As a longtime host for WNYC with a reputation for integrity and fairness, your treatment of the October 9th holiday, I am sorry to say, was lacking in balance and the program’s customary standards for thorough reporting.  

New York State celebrates and observes Columbus Day on the second Monday of October as a legal holiday. Congress followed New York’s example and enshrined into law the celebration as a federal holiday. Hundreds of thousands gather in Manhattan to cheer a colorful and joyous national parade with roots back to 1892. Dozens of communities in WNYC’s listening area convene their own public parades, memorial tributes and celebrations as do cities, villages and communities across the nation. We know WABC-TV’s three-hour popular presentation captures upwards of a million or more viewers live and nationwide on social media.  

Columbus and Italian American heritage are deeply intertwined but the Columbus tradition continues as a force for unity among the Portuguese and the Spanish speaking nations who celebrate La Dia de Raza, as has been so eloquently explained by author and journalist Miguel Perez. (Please see the link below). We hasten to mention the diversity of communities that have joined the celebratory parades in the Bronx and Brooklyn where more recent arrivals have been warmly embraced under the Columbus name.  
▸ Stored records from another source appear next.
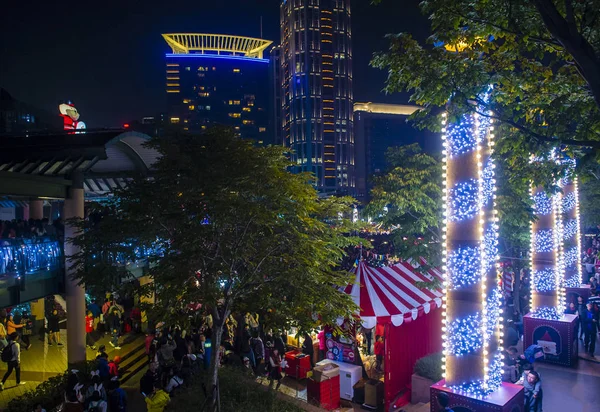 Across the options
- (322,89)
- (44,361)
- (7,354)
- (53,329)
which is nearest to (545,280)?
(7,354)

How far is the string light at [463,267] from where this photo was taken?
24.7ft

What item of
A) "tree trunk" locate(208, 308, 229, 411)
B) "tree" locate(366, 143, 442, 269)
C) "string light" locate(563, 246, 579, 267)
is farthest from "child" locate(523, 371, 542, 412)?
"string light" locate(563, 246, 579, 267)

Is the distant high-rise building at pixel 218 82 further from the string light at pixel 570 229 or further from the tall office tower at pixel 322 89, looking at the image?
the string light at pixel 570 229

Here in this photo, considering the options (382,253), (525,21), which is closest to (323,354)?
(525,21)

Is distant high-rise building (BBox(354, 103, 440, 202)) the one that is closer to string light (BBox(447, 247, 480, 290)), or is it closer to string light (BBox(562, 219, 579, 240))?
string light (BBox(562, 219, 579, 240))

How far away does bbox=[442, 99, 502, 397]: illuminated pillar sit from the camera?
7516 mm

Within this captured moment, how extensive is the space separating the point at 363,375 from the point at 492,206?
7.06 metres

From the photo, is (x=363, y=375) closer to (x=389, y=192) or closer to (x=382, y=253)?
(x=389, y=192)

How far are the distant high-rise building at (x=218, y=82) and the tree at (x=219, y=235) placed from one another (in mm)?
135982

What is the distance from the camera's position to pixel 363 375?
12633 millimetres

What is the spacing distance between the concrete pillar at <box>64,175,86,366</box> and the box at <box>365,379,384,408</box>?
333 inches

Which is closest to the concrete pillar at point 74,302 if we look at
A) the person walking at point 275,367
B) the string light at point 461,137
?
the person walking at point 275,367

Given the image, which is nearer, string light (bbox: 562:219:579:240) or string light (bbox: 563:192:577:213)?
string light (bbox: 562:219:579:240)

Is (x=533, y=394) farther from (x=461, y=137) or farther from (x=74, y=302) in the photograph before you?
(x=74, y=302) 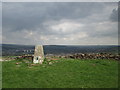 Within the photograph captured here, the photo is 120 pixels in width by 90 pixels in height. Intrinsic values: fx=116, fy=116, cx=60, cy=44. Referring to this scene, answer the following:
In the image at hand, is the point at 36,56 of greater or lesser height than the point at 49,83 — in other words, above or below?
above

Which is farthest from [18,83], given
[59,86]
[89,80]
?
[89,80]

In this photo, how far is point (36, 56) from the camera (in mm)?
23422

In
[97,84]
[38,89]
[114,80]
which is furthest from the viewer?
[114,80]

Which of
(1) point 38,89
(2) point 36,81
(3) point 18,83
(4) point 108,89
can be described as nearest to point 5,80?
(3) point 18,83

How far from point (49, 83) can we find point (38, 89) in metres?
1.66

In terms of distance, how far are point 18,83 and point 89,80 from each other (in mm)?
8096

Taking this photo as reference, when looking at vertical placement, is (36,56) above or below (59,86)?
above

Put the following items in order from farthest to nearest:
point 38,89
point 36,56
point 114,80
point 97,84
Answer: point 36,56, point 114,80, point 97,84, point 38,89

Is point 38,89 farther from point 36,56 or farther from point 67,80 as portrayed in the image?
point 36,56

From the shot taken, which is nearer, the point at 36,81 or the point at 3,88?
the point at 3,88

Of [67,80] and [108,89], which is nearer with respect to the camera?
[108,89]

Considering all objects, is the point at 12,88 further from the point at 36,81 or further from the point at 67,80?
the point at 67,80

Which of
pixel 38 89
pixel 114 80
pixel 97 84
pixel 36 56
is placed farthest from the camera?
pixel 36 56

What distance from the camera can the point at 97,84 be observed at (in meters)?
12.5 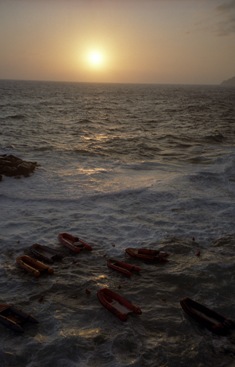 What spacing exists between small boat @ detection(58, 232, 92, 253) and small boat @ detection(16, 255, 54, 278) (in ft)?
4.41

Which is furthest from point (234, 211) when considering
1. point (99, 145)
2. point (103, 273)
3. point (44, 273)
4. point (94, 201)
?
point (99, 145)

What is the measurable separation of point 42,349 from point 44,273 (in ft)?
9.76

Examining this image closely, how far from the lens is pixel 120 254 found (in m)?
11.1

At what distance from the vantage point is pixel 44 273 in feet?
32.3

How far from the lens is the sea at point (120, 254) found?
23.5 ft

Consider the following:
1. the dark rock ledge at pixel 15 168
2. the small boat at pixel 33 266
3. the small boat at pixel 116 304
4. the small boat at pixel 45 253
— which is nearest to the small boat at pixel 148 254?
the small boat at pixel 116 304

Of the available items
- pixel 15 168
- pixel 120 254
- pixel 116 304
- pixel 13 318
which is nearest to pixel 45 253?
pixel 120 254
Please make no mistake that when it comes to a day of celebration and recognition for Indigenous People we fully support a distinct day dedicated for indigenous celebrations without hurtful, divisive distractions. When you offend one culture, ethnicity or religion, you offend all. 
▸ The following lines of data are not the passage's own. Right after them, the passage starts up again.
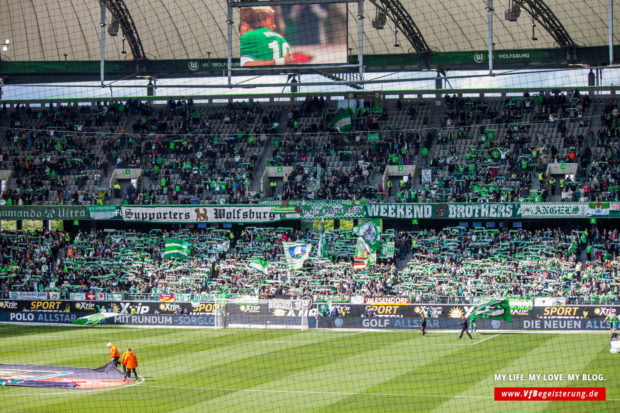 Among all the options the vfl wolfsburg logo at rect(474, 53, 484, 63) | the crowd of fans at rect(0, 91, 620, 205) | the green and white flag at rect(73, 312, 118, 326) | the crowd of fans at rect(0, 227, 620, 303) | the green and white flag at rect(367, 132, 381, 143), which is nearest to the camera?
the crowd of fans at rect(0, 227, 620, 303)

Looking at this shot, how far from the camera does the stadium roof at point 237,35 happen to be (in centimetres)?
4925

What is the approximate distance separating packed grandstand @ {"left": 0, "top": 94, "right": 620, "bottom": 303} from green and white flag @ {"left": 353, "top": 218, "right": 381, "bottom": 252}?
89 centimetres

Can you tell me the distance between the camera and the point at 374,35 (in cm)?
5375

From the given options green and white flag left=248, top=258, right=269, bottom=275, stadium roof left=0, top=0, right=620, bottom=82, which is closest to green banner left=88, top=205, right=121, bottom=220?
stadium roof left=0, top=0, right=620, bottom=82

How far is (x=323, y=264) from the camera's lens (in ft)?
149

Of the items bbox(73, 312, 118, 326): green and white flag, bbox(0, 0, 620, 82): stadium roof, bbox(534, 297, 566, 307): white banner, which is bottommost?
bbox(73, 312, 118, 326): green and white flag

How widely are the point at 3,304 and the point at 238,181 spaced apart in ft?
54.2

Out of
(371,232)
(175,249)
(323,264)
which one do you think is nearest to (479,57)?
(371,232)

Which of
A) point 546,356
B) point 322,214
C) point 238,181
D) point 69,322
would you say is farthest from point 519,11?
point 69,322

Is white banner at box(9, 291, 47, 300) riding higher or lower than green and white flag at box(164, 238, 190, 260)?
lower

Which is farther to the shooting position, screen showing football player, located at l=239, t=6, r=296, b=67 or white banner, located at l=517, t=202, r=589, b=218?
screen showing football player, located at l=239, t=6, r=296, b=67

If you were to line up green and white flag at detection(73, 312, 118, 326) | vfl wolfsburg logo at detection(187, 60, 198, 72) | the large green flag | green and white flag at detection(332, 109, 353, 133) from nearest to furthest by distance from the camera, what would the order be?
the large green flag → green and white flag at detection(73, 312, 118, 326) → green and white flag at detection(332, 109, 353, 133) → vfl wolfsburg logo at detection(187, 60, 198, 72)

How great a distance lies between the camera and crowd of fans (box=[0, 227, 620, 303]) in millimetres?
40719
Finally, the recitation of Howard Zinn’s writings as an authentic historical representation of Columbus was most troubling in light of recent scholarly examinations of Zinn’s deeply flawed and factually challenged treatise.

As we continue Italian American Heritage Month in October we urge you to give listeners an opportunity for balance, fairness, and a well-founded perspective rooted in a deeper understanding of the facts.  Author Mary Grabar, an authority on Zinn and his writings, and I would be grateful for the opportunity to shed light on this timely topic with you and your listeners. With light there is truth in darkness there is none. 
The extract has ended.